He got scathing reviews from Jarrell, a certified Germanophile, and Thom Gunn, a
sometime disciple of Yvor Winters, and was generally overlooked by proponents
of new transcontinental poetics. There
is a fine irony in the fact that the last memorable allusion to "The Anchored
Angel" comes in the form of an orgasmic remembrance from the narrator of William
Gass’ novel The Tunnel, a Professor
Kohler embarked on an aborted study of Nazism in Germany. As we know, unknown to either Kohler or maybe even
Professor Gass, one of Villa’s central themes is the ousting of the generic fuehrer
god.
The waning of Villa’s reputation happened
not so expectedly in his own country where too many poets have jumped on his
bandwagon, and his colorful persona seemed to fit the public stereotype of an
artist, even to the extent that his flippant witticisms became fodder for the
local press. However, his approach to poetry involving melding literary odds
& ends into a harmonious mould, remained 80% paramount and was mimicked by a
younger generation of Philippine poets who preferred him over his American
counterparts because of his origin, just as they preferred him over his local
rivals because of his ‘name recognition’ abroad.
Putting that aside, and besides the
fact that his status was briefly mainstreamed by his foreign peers, what it was
they really found so attractive was Villa’s high seriousness and uncompromised
commitment to the poetic craft. There is no question that intrinsic weaknesses
in his approach prefigured his decline, but his achievement, as embodied in a
handful of poems (SPN 75, 102, 115, 117, 130, 159, 162), stands. Remove the
‘ice-cream chrysantheme’ factor, and
we’re left with a very vital poetry, as resonant as the poetry of Dylan Thomas
and as rigorously adhesive as Laura Riding’s.
One thing is certain. Some and some of
the same poets who followed Villa gradually shied away from his poetic and were
propelled in different directions. At least three identifiable reactions took
shape, as follows: 1) a movement from rhymed rhetoric to raw objective imagery, 2) a shift from
lyric to more ethnocentric genres, including satire and prophetic verse, and 3)
a return to the long poem and the narrative vogue.
In truth, all these elements latent in
poetry throughout the ages are brought to a boil not deliberately in reaction
to one person or two, but under pressure of locally grown events and
circumstances, as for example, in the years subsequent to Tydings-McDuffie,
when nationhood jitters were most acute or in the ‘70s when the nexus of
politics and poetry was elevated.

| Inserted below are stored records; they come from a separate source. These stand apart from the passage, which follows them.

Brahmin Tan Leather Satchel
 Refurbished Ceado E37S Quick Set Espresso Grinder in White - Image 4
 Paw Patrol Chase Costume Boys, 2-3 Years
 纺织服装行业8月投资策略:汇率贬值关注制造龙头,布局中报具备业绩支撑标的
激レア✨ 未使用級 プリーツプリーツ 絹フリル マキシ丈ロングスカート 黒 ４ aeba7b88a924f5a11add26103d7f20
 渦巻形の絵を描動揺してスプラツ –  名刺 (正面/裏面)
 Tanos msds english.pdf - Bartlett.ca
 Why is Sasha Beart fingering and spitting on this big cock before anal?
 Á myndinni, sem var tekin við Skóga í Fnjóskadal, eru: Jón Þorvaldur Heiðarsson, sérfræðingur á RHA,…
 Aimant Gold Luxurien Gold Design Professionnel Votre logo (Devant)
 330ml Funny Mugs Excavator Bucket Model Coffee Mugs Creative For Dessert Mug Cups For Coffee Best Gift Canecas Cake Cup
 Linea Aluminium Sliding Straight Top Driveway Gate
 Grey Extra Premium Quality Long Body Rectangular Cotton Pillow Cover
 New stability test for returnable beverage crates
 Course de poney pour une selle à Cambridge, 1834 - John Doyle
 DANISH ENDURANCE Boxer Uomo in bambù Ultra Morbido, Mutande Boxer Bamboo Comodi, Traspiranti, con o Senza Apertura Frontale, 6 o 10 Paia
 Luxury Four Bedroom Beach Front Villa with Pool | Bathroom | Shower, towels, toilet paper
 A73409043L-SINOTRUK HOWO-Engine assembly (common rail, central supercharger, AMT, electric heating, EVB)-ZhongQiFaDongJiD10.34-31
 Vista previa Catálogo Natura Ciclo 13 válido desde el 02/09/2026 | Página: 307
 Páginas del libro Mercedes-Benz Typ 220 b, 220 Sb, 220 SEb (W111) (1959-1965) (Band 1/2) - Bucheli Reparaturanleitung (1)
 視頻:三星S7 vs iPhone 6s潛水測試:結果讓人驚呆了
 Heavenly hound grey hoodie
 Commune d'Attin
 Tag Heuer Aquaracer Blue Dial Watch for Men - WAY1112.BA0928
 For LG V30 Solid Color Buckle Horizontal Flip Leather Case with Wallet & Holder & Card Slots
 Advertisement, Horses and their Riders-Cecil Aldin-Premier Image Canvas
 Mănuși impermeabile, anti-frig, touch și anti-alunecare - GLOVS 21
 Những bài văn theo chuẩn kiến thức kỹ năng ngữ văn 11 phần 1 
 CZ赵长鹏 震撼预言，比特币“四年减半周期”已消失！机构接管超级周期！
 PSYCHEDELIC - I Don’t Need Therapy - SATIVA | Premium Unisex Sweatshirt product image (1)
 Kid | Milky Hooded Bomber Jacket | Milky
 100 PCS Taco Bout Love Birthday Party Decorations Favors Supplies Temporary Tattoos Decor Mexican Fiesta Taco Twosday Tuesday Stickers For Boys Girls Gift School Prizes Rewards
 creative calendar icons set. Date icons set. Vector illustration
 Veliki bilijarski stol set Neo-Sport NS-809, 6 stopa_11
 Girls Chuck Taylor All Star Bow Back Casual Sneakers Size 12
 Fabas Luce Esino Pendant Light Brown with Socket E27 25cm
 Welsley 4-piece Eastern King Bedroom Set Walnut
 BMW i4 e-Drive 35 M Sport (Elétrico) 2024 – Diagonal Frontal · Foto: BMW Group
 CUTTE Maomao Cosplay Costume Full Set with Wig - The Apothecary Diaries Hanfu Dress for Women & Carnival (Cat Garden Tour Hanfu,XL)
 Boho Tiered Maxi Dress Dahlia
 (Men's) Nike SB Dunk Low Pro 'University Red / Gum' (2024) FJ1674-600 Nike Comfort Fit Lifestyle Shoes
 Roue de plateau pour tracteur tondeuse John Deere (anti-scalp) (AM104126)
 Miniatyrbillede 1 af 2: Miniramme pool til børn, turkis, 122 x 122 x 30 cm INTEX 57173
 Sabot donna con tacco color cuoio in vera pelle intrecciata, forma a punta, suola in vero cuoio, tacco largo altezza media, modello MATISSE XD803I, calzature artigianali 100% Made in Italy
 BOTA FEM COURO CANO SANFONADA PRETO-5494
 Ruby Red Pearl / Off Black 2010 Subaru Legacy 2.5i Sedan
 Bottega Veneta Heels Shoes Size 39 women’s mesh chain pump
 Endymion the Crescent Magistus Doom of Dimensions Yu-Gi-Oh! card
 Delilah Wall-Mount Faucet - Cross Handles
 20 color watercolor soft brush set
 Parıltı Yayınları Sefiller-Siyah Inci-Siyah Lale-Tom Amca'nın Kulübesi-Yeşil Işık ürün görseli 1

We see these tendencies overlap in as many
ways as we have poets, and as variously as our poetry has gone through
transformative waves of brilliant creativity, from Villa to Lansang, from
Joaquin to Bautista, from Moreno to the Quincunx generation of poets.
As early as the Commonwealth era, the
long poem gained popularity through works like Sohrab and Rustum, Leaves of Grass, and The Song of Hiawatha. Now the vogue seems to be regaining some
esteem. Not too long ago, the poet
Alfred A. Yuson essayed a kaleidoscopic poem of 252 lines, “SUITE AS CYCLE:
Captives of the City,” based on a semi-fictional event. Many others have tried,
in English (and here a helpful guide would be Abad’s--the first part coedited
with Edna Manlapaz--three-volume anthology, whose capsule bios of the poets are
probably its most illuminating feature) notably Virgilio Floresca, Ricaredo
Demetillo, Cirilo F. Bautista and Ricardo M. de Ungria.
Now, Zulueta y da Costa’s Like the Molave (1940) was a dismal
failure, and so was Demetillo’s Barter in
Panay (1961). Bautista succeeded partially, magnificently in the third book of The Trilogy of Saint Lazarus (1999), and de Ungria totally in Waking Ice. Bautista’s first book, The Archipelago, appears to have been cobbled before his ‘grand’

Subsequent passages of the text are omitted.